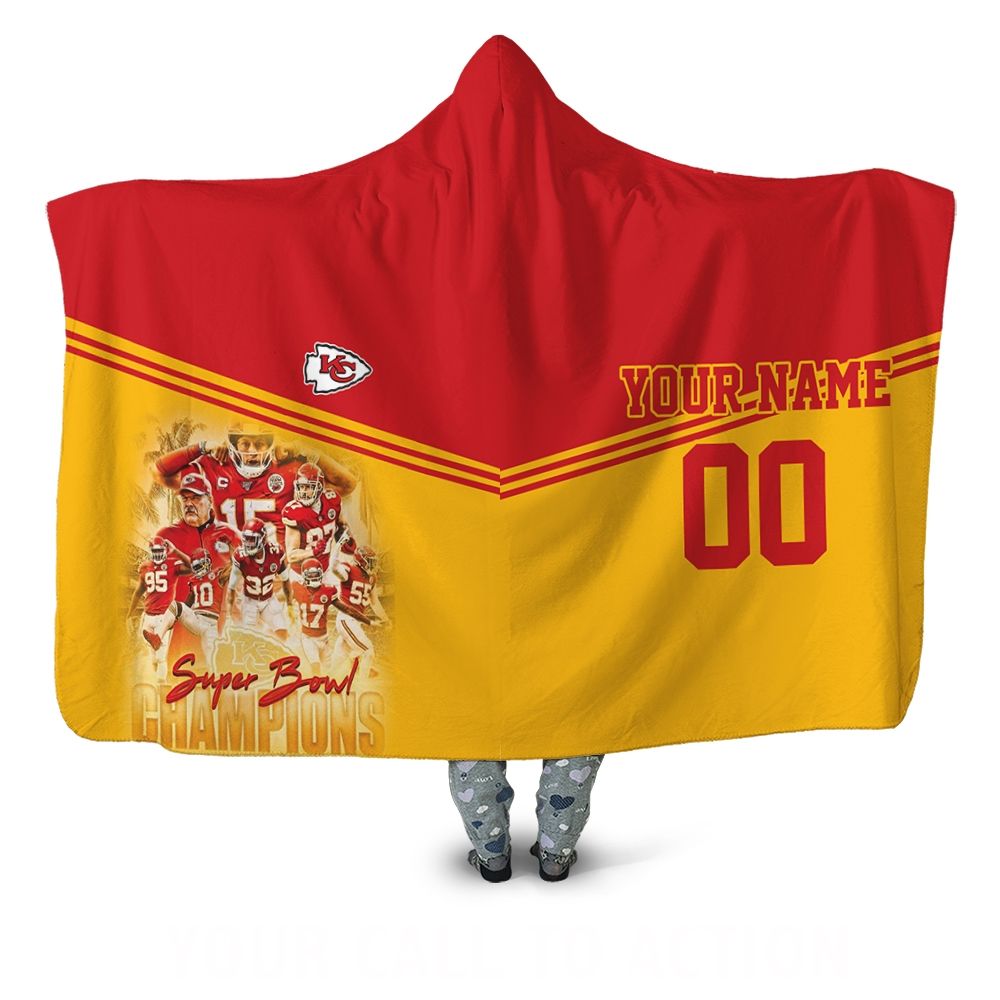 Kansas City Chiefs West Division Champions 2021 Personalized Gift For Fan 3D Full Printing Hooded Blanket V2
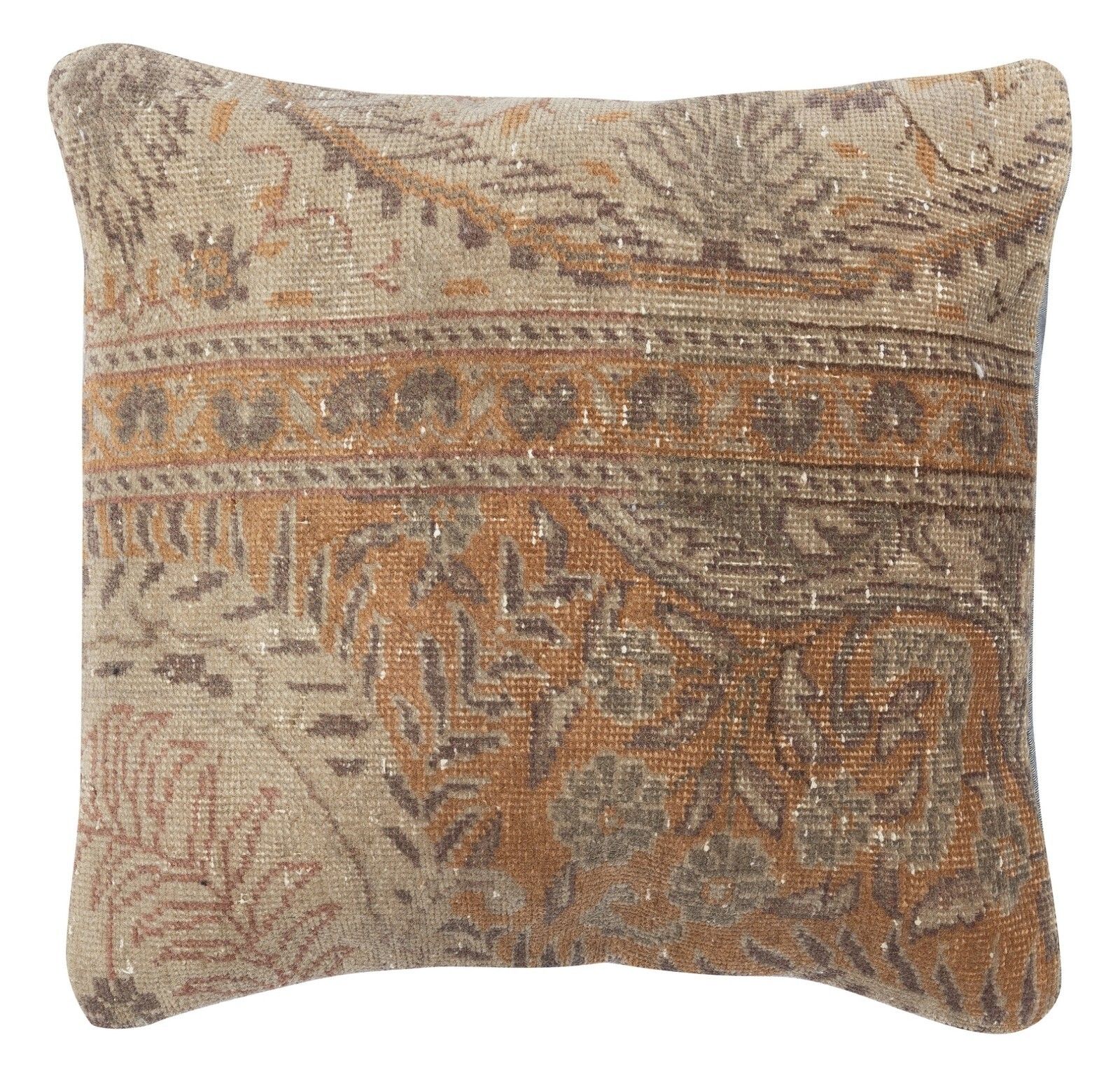 17"X17" Vintage Turkish Rug Pillow Cover. Farmhouse Decor Handmade Cushion Cover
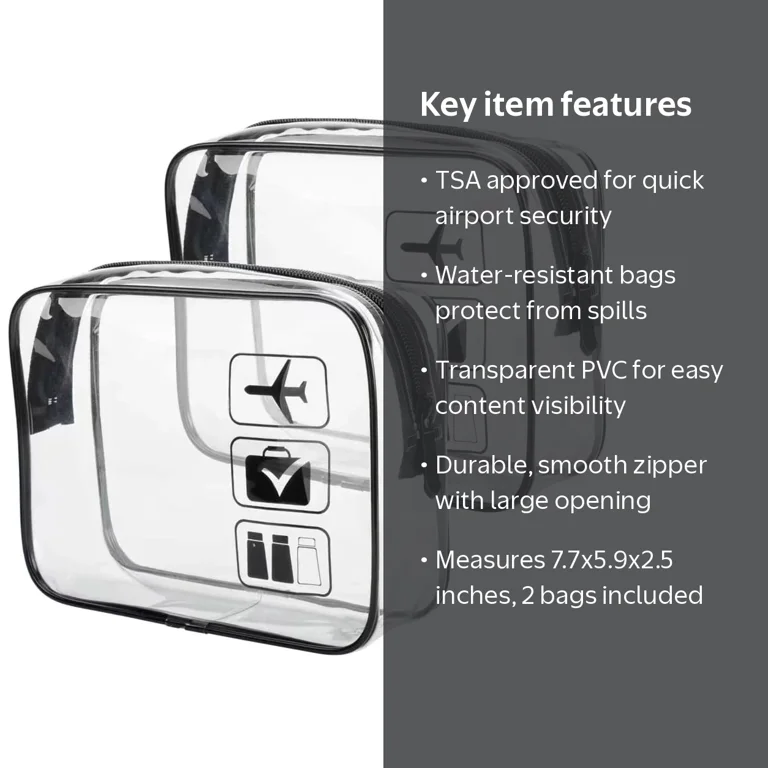 air travel toiletries bag TSA Approved Toiletry 3-1-1 Clear Cosmetic Bag with Handle - Quart Size Bag with Zipper - Carry-on Luggage Clear Toiletry Bag for Liquids at least resistant to leaks in case one of your bottles spills Travel Toiletry Bag Makeup Set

> WORK TO COMPLETE: Set the lines down exactly as they stand, from the one containing "Handmade Cushion Cover" through the end of the listing, omitting every picture.

> SOLUTION FOR THIS TASK:
 17"X17" Vintage Turkish Rug Pillow Cover. Farmhouse Decor Handmade Cushion Cover
 air travel toiletries bag TSA Approved Toiletry 3-1-1 Clear Cosmetic Bag with Handle - Quart Size Bag with Zipper - Carry-on Luggage Clear Toiletry Bag for Liquids at least resistant to leaks in case one of your bottles spills Travel Toiletry Bag Makeup Set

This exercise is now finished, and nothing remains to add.